Úslar Pietri fue el primer ensayista que
leí en su columna Pizarrón, los
domingos en El Nacional. Tendría yo doce,
máximo trece años. Kalimán, Memín Pingüín, Águila Solitaria y los artículos del caraqueño eran tesoros que
cada siete días esperaba allá en el kiosco de la esquina, a dos cuadras de mi
casa. Siempre me he preguntado qué pude ver en los textos de Pizarrón, qué sirenas alucinantes
vislumbraba en ellos, y como ocurría con la tv, en el universo de su escritura
pienso que terminó por engancharme el talante aventurero, la atmósfera
intrigante de tantos enigmas propuestos en la saga -pues sí, leí a Úslar como
al autor de El señor de los anillos-,
contaminándome hasta lo indecible, de modo que sus entregas para la prensa siempre
me dejaron con ganas de leer más, resultaron cortísimas, fugaces, poco
espaciosas ante el vasto tamaño de aquel periódico cuyo único interés, para mí,
radicaba en un artículo de opinión. Luego me hallé de frente con sus novelas y
cuentos y años después, ya en la Mérida de mi época universitaria, gocé como
niño con chupete cada vez que el viejo amigo daba una entrevista en ciertos programas
de televisión.
Acabo de leer el libro que hallé en Quito y
aquí está, sobre la mesa del café, entre el humo del tabaco y entre Upata,
Mérida o Caracas. Muchas veces, en vacaciones, de paso por la capital y antes
de continuar al Sur, a casa de mis padres, Caracas supuso uno o dos días de
errancias por el centro en busca de
libros usados, de casettes a buenos
precios -descubrí a Bill Evans, a Stan Getz, a Poncho Sánchez-, supuso algunas
cervezas con paisanos que hacían estudios en la Central, en fin, literatura,
música, también cine en el entrañable Ateneo. Ahí, en esa Caracas de los
ochenta, abría de par en par el cofre de los deseos, lleno de miel y de
sorpresas deslumbrantes: libros encontrados como perlas en las profundidades de
algunos tarantines bajo el puente de la avenida Fuerzas Armadas, libros
medianamente asequibles en la Librería Lectura, en Chacaíto, libros escondidos
en los tenderetes de algún vendedor
furtivo en pleno bulevar de Sabana Grande y Úslar, de pronto Úslar, puntual al
saltar como conejo en medio de semejantes búsquedas.

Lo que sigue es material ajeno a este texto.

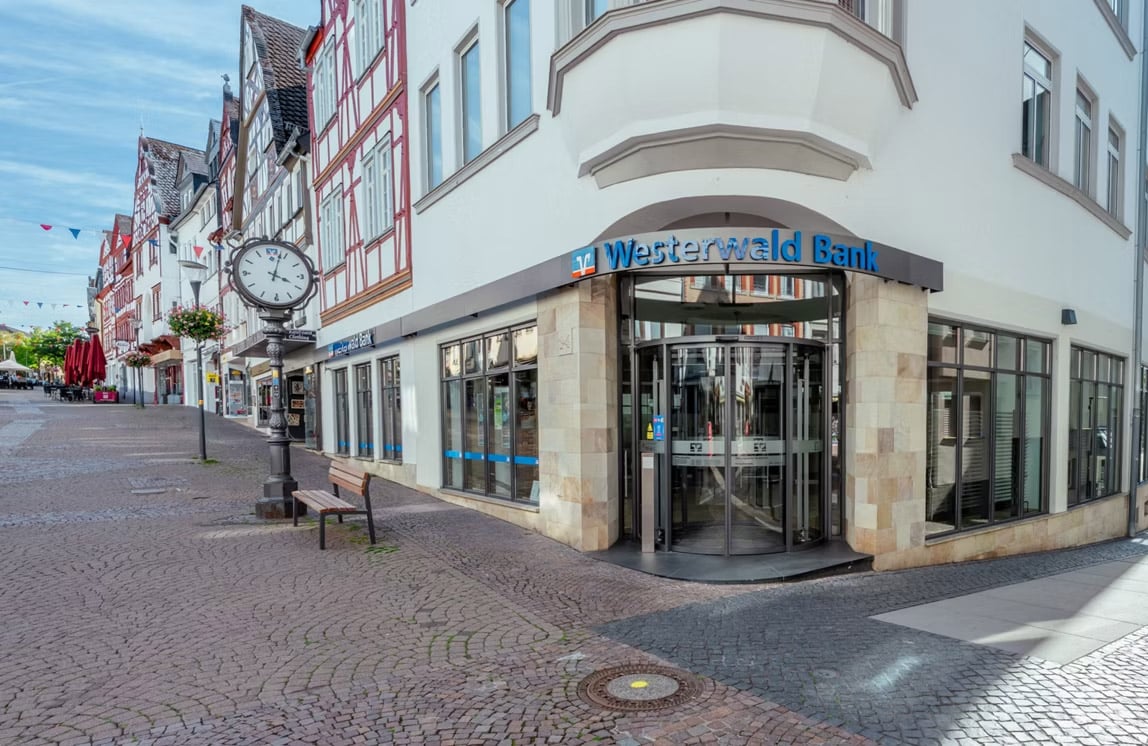 IDV sicher im Griff: Wie die Westerwald Bank mit aOPM Transparenz und Effizienz schafft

El otro día, cuando menos lo esperaba, hizo
acto de presencia. No tienes idea, ni puta idea de qué manera esa felicidad
casi olvidada irrumpió tal como ayer. Y yo cumplí, leyendo, y él cumplió, con
el obsequio de delicias hechas páginas. Y la melancolía fue una invitada
inesperada. Y fue, claro, una dama más que bienvenida.